Digital Room Correction vs Room Treatments


I finally got a mic and used REW to analyze my room.  Attached is the freq response for 3 different speakers (Monitor Audio Gold Reference 20, Sonus Faber Electa Amator II, and Sonus Faber Concerto Domus).

They all show similar characteristics - at least the most prominent ones.  I did play around with the Amators trying them closer together and more forward in the room, but the major characteristics you see were mostly unchanged.

With this magnitude and number of deviations from a more ideal frequency response curve, am I better off biting the bullet and just doing digital room correction, or can these issues be addressed with room treatments without going crazy and having the room look like Frankenstein’s lab.

Cost is a consideration, but doing it right/better is the most important factor.

If digital room correction is a viable way to address this, what are the best solutions today?  My system is largely analog (80’s/90’s Mcintosh preamp/amp, tube phono stage), and streaming isn’t a priority (though I’m not against it).

 If the better digital correction solutions come in the form of a streaming HW solution, that’s fine, I’d do that.  

Just looking for guidance on the best way to deal with the room, as both serious room treatments and digital EQ room correction are both areas I haven’t delved into before.

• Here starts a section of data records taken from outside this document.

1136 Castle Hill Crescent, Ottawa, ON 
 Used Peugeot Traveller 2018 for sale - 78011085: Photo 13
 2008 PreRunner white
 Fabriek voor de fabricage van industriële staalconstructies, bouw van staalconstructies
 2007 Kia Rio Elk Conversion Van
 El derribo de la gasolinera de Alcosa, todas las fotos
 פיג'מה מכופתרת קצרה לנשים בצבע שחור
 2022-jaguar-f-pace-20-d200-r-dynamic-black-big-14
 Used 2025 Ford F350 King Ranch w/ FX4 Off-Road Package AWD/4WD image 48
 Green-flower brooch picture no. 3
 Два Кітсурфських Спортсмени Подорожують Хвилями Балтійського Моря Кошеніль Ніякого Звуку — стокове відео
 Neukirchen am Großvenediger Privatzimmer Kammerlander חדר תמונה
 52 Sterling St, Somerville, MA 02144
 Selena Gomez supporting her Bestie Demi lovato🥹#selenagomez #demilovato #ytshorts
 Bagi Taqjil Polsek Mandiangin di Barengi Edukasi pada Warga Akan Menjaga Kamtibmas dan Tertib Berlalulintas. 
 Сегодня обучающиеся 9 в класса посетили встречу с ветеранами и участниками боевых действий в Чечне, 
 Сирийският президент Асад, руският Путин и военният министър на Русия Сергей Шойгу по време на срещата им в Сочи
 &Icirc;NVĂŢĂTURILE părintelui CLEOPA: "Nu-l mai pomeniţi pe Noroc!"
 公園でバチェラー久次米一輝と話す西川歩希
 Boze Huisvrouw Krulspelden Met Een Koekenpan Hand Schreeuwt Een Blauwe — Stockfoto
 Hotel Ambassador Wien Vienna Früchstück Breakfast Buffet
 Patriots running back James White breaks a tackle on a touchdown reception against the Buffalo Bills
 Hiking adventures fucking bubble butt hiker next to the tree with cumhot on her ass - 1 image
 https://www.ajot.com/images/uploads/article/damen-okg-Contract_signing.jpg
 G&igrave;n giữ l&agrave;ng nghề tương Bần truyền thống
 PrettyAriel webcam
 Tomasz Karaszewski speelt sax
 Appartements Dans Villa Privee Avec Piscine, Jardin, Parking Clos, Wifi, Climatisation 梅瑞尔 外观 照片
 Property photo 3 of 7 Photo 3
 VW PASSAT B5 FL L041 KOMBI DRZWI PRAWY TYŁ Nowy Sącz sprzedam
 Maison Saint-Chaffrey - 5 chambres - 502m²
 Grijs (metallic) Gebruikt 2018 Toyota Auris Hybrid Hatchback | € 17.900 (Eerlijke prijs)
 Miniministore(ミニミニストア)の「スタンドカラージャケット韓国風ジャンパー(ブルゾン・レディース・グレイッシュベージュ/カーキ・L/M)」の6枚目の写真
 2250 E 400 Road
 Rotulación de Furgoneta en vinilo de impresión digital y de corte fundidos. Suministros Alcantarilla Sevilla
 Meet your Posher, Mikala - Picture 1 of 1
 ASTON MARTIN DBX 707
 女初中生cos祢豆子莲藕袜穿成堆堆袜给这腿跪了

Thanks all.  If more info is needed, let me know.  My room is 11.5’ wide and 15.5’ long with the speakers on the short wall.  Backs of speakers are 3-3.5’ off the front wall and they’re at least 2ft from either side wall.  Some placement flexibility is there, but not a huge amount.

captouch

Showing 1 response by doctor_lipp

OP

Something that I would look at is your room’s reverb time and if it’s excessive, fix that first.  I have had good luck with GIK’s Polyfusor’s which defuse and reduce reverb time with a little bit of absorption.  They also look better than the rectangular absorption products IMHO.

My experience with bass traps is they are better at fixing peaks in the 60-100 Hz range.  They have to be quite substantial or use acoustic wizardly (Tube Traps) to get down to your room’s 35 Hz main resonance peak.  I would address that peak with EQ.  To avoid a digital conversion, you might consider an analog parametric EQ.  You will notice the most improvement in movie playback by reducing this peak - bass will have impact instead of going "whump."

My current configuration includes bookshelf speakers (KEF R3 Meta, Dynaudio Contour 20) and Rhythmic SE12 subwoofers.  The SE12’s include a band of analog parametric EQ.  They are servo subwoofers so they work great with music.  I am all digital these days, so I am rocking a MiniDSP SHD Studio.  Applying DIRAC correction really focuses the image in my room.  I would consider that icing on the cake after fixing reverb and bass.